О западной литературе (Топоров) - страница 139

Главной пружиной действия становится по-своему трогательный дорожный роман еврея-промышленника Майетта и той же Корал. Он выстроен на полутонах, на недоразумениях, на ослышках и обмолвках – и вместе с тем читателю ясно, что эти двое, пусть и ненадолго, всерьез влюбляются друг в друга. Или, вернее, получают шанс влюбиться. Разворачивая во взаимоотношениях всю гамму чувств от самозабвенной нежности до предельной жестокости с очевидным (по меньшей мере для нашего современника) намеком на садо-мазо. Корал обречена оставаться в кордебалете, она слишком ординарна, чтобы стать солисткой; Майетт – типичный, даже несколько шаржированный еврейский скоробогач; отношения тут уместны сугубо функциональные, а взаимная любовь кажется поначалу просто-напросто невозможной. На первый взгляд будущий возлюбленный похож на любого «папика», поздним вечером поджидающего девиц из кордебалета у служебного подъезда. После встречи с Корал богачу снится сон, в котором он «снимает» ее, выделив из шеренги полупрофессионалок на бульваре. (А мы помним, как трепетно относился к сновидениям сам Грин, не говоря уж о том, сколько раз он «снимал» проституток во всех частях света.) Сходятся они лишь после того, как Корал убеждается в том, что ее благодетель за свои десять фунтов на самом деле ничего от нее не требует, а сам Майетт понимает, что девица, влюбившись, на все согласна и ничего не ждет, – сходятся и клянутся никогда больше не расстаться… Но если хочешь насмешить Бога, сообщи ему свои планы.

Доктор Циннер – коммунист; в свое время он чудом избежал ареста и сейчас возвращается в Белград раздуть на горе всем буржуям мировой пожар. Но и его (как перед тем писателя Сейвори) опознает журналистка Уоррен. Эта отчаянная дамочка, алкоголичка и лесбиянка, едет в «Восточном экспрессе» совсем недолго – от Кельна до Вены, – но успевает изрядно испортить жизнь едва ли не всем пассажирам. Циннера она не только раскусывает, но и «раскалывает» на интервью, затем передает текст по телефону из Вены – и на перроне в Суботице революционера уже поджидают югославские полицейские.

Сюжет с телефоном несколько атавистичен даже для 1930-х годов. А вот полувеком раньше в континентальной Европе поймали не одного беглого преступника, который, сев в поезд, почувствовал себя в безопасности, потому что ему и в голову прийти не могло, что его приметы передадут в пункт назначения по телеграфу или по телефону. Сюжет этот описан, в частности, у швейцарского писателя К. Ф. Майера (1825–1898).

В Суботице действие достигает кульминации и в единственный раз, кроме финала в Стамбуле, выходит из замкнутого пространства.

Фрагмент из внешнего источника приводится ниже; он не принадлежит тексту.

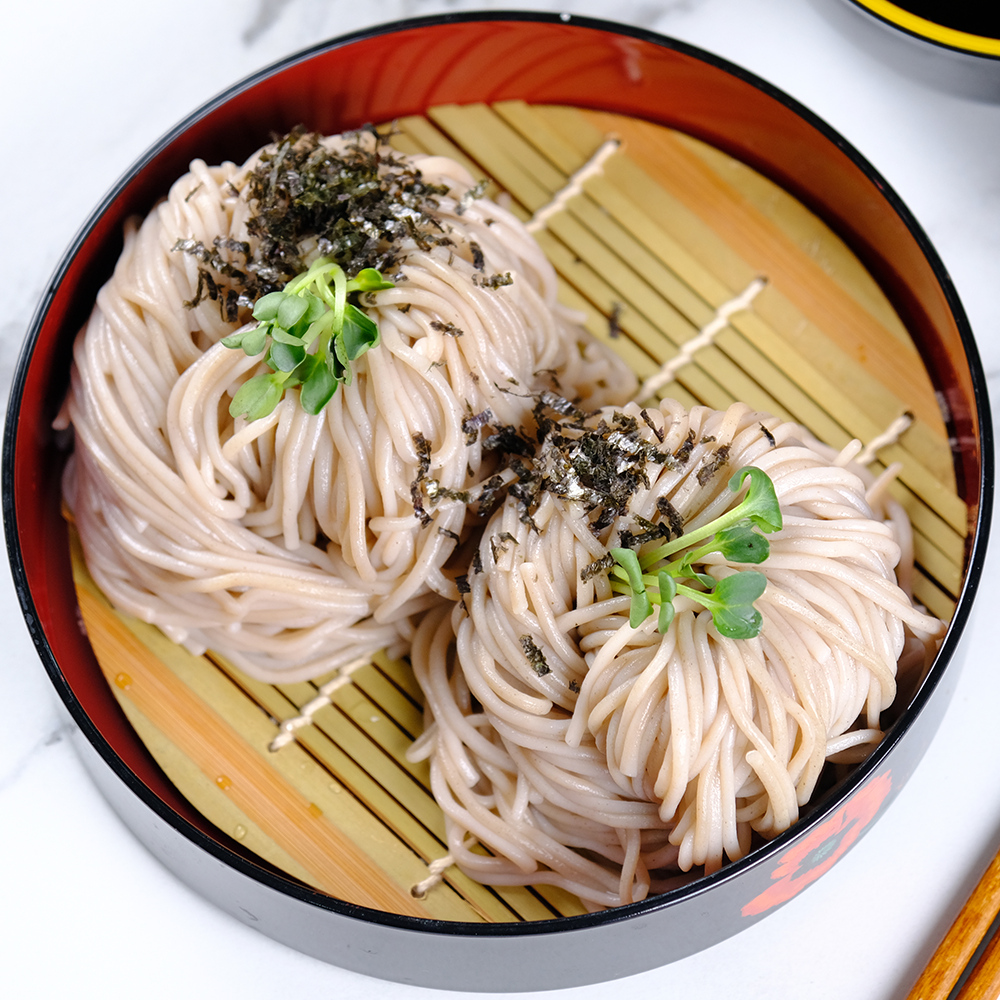 [시그니처 메밀팩] 올리온 세모면 100% 메밀면 150gx4+ 냉메밀소스265g 메밀 소바 막 국수 쯔유 이미지 8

Полиция хватает не только Циннера, но и Грюнлиха, а также Корал (соответственно потенциального преступника, закоренелого злодея и невинную жертву), обвиняя всех троих во множестве преступлений – и девушка и впрямь оказывается замешана в одном из них. Правда, нашей несвятой троице удается отчаянный побег из участка – в соседнюю, сказал бы Станислав Ежи Лец, камеру. Да и сам «Восточный экспресс» это своего рода лимбо (преддверие ада); сойдя с поезда, полного эротических мечтаний и политических упований, мы оказываемся в аду, причем попадаем явно не в Первый Круг.